Btw, I'm using UFS. For ZFS you might want to use 'zpool iostat'.


----------



## mtu (Apr 30, 2021)

frijsdijk said:


> Accessing the pool (via Network/Samba) will wake them up and this causes no unexpected behaviour in FreeBSD or ZFS.


I just set up a similar pool, and I also want to spin down the disks when nothing is happening.

I haven't done systematic tests, but It seems to me that some read operations on raidz vdevs will wake up the disks _in sequence_, instead of all at the same time. So, in a pool with 9 disks, that could give you … let's say 1 to 2 minutes of waiting for all the disks to come online. Not exactly sure when that happens, but be aware.

My guess is that zfs naively reads some metadata and some stripe data, and "discovers" that it needs to wake up one disk after another to read the whole file/metadata, but waits for each disk to come up before moving on, instead of waking up all devices in the pool at one. (I haven't seen a configuration knob to change that behavior, either.)

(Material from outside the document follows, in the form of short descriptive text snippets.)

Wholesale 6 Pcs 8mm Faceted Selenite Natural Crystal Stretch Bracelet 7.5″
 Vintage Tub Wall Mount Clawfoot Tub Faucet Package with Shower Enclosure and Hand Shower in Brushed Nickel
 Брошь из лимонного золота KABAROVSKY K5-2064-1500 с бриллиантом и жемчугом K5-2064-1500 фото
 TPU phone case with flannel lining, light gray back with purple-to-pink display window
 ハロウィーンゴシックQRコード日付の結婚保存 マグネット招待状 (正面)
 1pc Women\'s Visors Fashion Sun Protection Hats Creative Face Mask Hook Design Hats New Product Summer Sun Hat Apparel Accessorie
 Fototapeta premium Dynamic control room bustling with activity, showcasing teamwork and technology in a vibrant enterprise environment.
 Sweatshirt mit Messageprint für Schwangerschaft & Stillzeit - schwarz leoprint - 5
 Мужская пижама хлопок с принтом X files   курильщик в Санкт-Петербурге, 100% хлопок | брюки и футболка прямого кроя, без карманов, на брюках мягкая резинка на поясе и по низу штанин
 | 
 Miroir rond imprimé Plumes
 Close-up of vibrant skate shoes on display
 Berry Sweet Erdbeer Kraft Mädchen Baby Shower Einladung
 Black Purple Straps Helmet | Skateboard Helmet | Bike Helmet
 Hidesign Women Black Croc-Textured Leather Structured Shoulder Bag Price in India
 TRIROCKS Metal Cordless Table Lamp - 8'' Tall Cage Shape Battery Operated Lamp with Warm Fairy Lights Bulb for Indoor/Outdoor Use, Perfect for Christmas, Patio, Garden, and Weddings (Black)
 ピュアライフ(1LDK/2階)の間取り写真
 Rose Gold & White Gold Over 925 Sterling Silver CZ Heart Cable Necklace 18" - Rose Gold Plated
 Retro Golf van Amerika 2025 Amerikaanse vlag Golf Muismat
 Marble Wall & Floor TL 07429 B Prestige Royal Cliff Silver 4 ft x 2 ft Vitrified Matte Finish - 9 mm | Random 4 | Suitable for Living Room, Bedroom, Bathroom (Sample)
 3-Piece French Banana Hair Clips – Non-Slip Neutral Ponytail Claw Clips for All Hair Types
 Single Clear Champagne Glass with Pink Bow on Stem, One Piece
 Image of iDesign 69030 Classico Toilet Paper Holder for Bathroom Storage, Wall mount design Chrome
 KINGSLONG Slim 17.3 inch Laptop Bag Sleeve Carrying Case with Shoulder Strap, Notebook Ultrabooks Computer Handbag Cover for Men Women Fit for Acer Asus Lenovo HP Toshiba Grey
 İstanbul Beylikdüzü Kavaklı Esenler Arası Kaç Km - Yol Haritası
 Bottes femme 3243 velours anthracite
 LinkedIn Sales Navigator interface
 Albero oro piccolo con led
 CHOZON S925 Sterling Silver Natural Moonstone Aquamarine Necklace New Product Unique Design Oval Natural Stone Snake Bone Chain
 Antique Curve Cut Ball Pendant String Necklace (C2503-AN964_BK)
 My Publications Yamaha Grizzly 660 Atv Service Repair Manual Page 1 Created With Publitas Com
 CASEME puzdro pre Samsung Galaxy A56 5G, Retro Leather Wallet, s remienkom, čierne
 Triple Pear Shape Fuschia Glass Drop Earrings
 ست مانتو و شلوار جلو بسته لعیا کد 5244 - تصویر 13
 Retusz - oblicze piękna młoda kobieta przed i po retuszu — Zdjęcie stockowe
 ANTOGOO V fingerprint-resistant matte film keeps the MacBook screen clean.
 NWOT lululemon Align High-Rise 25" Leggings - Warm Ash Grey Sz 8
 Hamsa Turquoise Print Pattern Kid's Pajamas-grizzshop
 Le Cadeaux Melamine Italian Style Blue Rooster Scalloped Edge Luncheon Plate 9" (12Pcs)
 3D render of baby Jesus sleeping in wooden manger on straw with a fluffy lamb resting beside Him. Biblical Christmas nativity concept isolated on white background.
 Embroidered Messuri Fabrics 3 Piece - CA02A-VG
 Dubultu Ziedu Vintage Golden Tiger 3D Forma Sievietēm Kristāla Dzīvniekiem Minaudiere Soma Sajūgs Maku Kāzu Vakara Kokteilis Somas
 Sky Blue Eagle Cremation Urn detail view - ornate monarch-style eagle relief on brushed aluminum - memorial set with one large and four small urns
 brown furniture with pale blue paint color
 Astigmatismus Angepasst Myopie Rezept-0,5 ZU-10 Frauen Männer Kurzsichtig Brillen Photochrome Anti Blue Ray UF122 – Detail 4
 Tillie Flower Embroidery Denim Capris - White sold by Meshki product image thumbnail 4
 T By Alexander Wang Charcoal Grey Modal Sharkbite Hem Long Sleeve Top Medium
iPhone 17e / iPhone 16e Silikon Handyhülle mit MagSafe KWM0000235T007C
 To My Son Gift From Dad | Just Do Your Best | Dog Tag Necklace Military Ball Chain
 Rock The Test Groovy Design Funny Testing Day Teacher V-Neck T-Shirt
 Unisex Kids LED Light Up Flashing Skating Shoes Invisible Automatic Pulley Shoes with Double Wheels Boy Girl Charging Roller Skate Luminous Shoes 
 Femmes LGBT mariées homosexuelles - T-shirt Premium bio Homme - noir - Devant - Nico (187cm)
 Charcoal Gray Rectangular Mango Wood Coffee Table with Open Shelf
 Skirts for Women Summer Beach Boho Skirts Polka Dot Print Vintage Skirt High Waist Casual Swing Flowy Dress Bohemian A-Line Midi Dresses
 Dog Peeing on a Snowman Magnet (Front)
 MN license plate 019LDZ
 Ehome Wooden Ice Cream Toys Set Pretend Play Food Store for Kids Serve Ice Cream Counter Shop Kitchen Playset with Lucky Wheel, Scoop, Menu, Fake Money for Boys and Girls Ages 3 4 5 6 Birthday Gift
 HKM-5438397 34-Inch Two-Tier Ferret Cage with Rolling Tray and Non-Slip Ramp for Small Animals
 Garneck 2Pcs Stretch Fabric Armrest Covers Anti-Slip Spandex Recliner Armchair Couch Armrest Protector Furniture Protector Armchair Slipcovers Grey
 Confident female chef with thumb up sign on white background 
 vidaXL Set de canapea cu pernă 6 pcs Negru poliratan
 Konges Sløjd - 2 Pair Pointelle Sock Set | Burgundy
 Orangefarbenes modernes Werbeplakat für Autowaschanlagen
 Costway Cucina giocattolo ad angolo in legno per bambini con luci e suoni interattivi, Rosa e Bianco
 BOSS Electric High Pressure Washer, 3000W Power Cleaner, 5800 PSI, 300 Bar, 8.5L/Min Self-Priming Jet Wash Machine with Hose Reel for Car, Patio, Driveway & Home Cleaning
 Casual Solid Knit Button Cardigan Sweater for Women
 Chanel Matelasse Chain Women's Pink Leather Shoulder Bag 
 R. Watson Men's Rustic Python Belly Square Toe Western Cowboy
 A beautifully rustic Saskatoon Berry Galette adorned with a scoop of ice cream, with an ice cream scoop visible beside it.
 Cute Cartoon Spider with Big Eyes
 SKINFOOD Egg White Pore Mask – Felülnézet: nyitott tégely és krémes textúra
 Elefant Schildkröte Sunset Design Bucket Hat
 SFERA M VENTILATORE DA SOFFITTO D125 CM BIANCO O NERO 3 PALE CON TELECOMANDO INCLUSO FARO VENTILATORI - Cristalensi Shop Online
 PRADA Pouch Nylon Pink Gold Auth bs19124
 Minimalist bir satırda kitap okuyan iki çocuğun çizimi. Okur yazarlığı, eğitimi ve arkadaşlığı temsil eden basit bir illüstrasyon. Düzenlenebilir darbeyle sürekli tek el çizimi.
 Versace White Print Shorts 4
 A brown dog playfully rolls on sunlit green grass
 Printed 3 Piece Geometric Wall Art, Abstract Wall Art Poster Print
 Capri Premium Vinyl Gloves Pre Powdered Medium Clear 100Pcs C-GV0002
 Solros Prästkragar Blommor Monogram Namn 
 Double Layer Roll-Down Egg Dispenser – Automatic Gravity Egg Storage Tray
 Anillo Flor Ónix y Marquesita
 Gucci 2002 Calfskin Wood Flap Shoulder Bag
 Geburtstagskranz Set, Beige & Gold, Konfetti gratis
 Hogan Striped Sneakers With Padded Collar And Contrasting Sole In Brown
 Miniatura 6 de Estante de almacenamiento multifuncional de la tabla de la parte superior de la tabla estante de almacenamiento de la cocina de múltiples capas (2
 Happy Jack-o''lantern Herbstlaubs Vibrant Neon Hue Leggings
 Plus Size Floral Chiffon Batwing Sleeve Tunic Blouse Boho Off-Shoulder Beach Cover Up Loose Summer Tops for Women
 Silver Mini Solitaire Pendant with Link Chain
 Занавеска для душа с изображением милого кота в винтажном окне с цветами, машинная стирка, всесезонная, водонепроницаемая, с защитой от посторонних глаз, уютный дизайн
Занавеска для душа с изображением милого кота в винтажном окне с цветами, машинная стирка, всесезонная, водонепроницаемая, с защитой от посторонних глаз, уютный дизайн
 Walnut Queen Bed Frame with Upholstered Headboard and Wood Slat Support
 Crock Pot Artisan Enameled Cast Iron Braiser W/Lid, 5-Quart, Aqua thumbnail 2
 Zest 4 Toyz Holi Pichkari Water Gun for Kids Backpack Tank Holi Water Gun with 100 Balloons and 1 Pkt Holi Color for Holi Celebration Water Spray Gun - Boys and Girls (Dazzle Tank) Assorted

Now, one more thing I noticed, which might or might not help you: `camcontrol standby` works fine with my Seagate drives, but it sometimes didn't seem to work when I wanted to put all drives to sleep at the exact same time. So I staggered the sleep timeouts by 10 seconds (`camcontrol standby ada0 -t 350`, `camcontrol standby ada1 -t 360`, `camcontrol standby ada2 -t 370`), and that seems to have done the trick.


----------



## covacat (Apr 30, 2021)

from the source code of camcontrol you can see that times (-t) under 1200 secs get a granularity of 5 secs, 21mins is a special case and anything over gets a granularity of 30mins
maybe this will be useful some time (dont assume the time on cli is the exact time when the drive will go to sleep)


----------